Improvement of symptoms or signs and normal cerebrospinal fluid tests suggest a favorable prognosis.
Hazard
Coma at the onset of the disease usually indicates a critical condition, and infants, young children and the elderly generally have a poorer prognosis.
Death
A small number of people may die even after receiving good treatment.
Sequelae
If left untreated, the complications of meningitis can be long-lasting, with varying degrees of sequelae.
Less severe ones include strabismus, facial nerve palsy, mild limb paralysis, headaches, mild mental and behavioral disorders (e.g., excitability, polyphasia, mental retardation, poor memory) and endocrine disorders (e.g., mild obesity).
Severe sequelae include hydrocephalus (headache, visual disturbances, nausea, vomiting), limb paralysis, epilepsy, blindness, aphasia, mental retardation, and urolithiasis (profuse urination, extreme thirst).
Daily
Daily life
Diet
There are generally no special dietary requirements, and it is sufficient to ensure adequate nutritional intake.
If there are symptoms such as nausea and vomiting, you can eat some easy-to-digest foods, such as vegetable porridge, rice soup, egg soup and noodle sheets.

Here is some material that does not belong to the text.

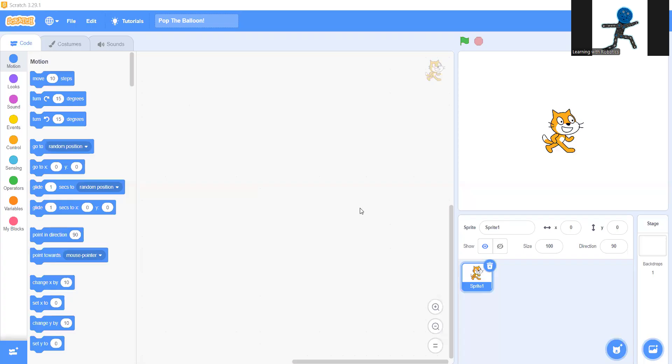Hello everyone, in this video I'm going to show you guys how to make a simple Scratch game called Pop the Balloon. So let's get right into it.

Eat more protein-rich foods, such as meat, eggs, dairy products, soy products, etc., and consume more vegetables and fruits to replenish enough vitamins and trace elements.
Prohibit spicy, greasy and other stimulating foods and alcohol.
Lifestyle habits
Exercise appropriately, pay attention to rest and ensure enough sleep.
When there is neck stiffness, soft pillows can be used to relieve it.
Maintaining a good mood can help the body restore its resistance.
Rehabilitation
People with limb paralysis need to insist on daily rehabilitation training.
For those who are bedridden for a long time, family members or caregivers need to pay attention to the dryness and cleanliness of the bed, change clothes and sheets in time, and clean the skin with lukewarm water every day.
For those who are unconscious, family members or caregivers need to turn them over and massage them every day.
Follow the doctor’s instructions for regular checkups or when there is any physical discomfort.